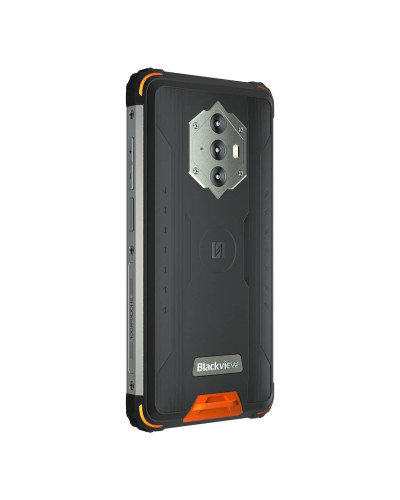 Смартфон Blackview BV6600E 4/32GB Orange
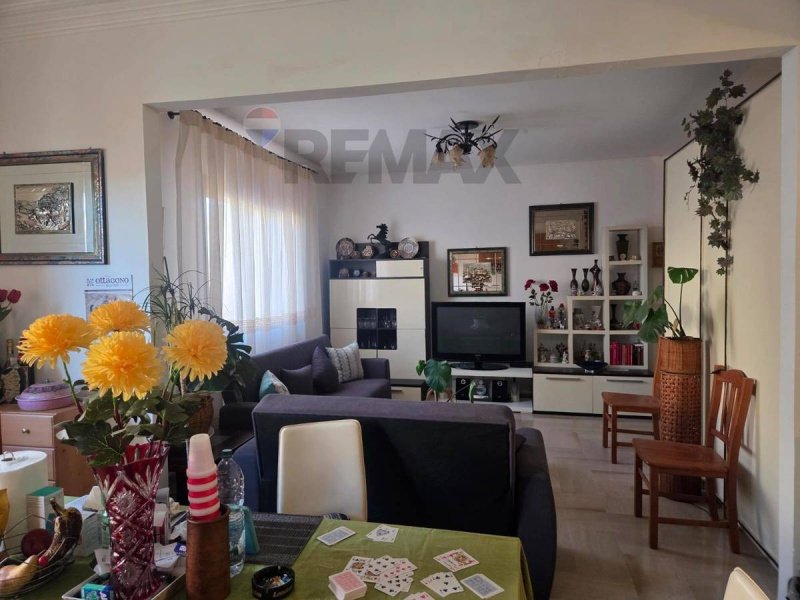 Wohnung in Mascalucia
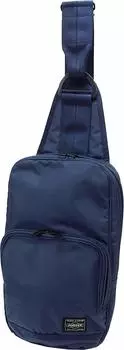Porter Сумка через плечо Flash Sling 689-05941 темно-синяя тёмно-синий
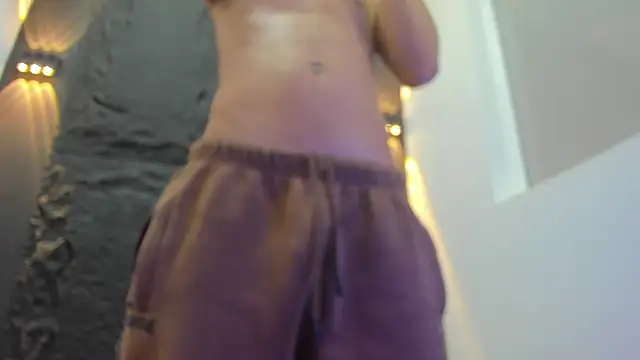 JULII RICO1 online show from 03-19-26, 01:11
---
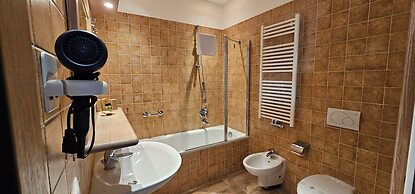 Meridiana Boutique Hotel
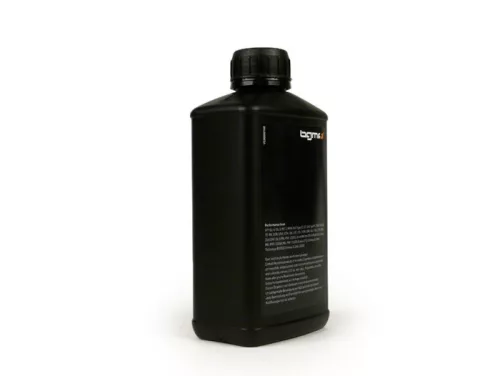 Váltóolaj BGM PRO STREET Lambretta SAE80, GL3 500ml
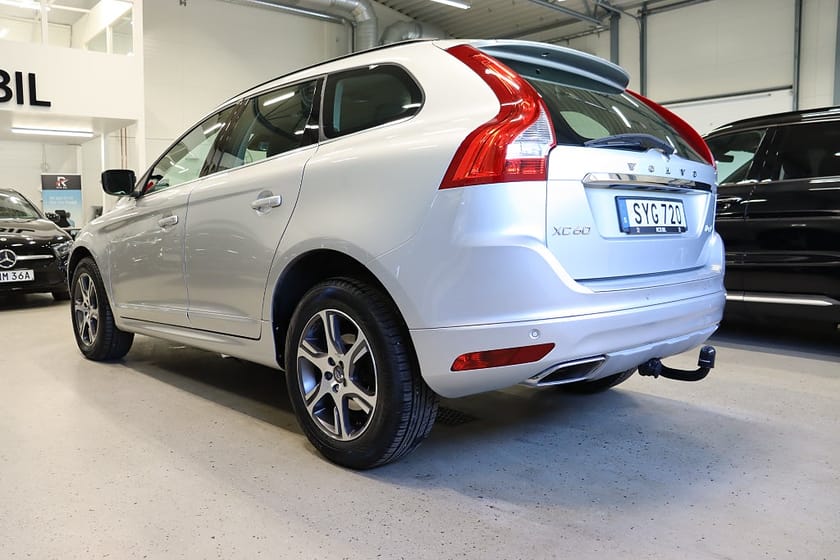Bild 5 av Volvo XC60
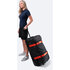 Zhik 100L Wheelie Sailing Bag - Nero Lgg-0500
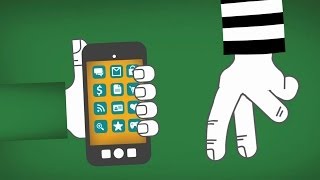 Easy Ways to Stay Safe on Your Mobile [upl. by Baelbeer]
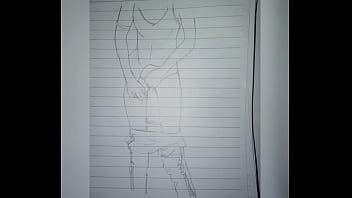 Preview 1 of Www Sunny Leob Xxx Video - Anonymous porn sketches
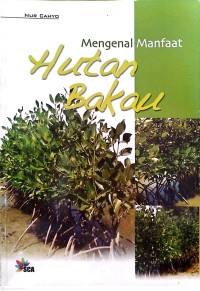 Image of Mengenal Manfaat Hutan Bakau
---
YOUR ASSIGNMENT: Your answer should consist of the lines above between those holding "Смартфон Blackview BV6600E 4/32GB Orange" and "JULII RICO1 online show from 03-19-26, 01:11", inclusive, reproduced word for word and without pictures.

SOLUTION TO THIS PROBLEM:
 Смартфон Blackview BV6600E 4/32GB Orange
 Wohnung in Mascalucia
Porter Сумка через плечо Flash Sling 689-05941 темно-синяя тёмно-синий
 JULII RICO1 online show from 03-19-26, 01:11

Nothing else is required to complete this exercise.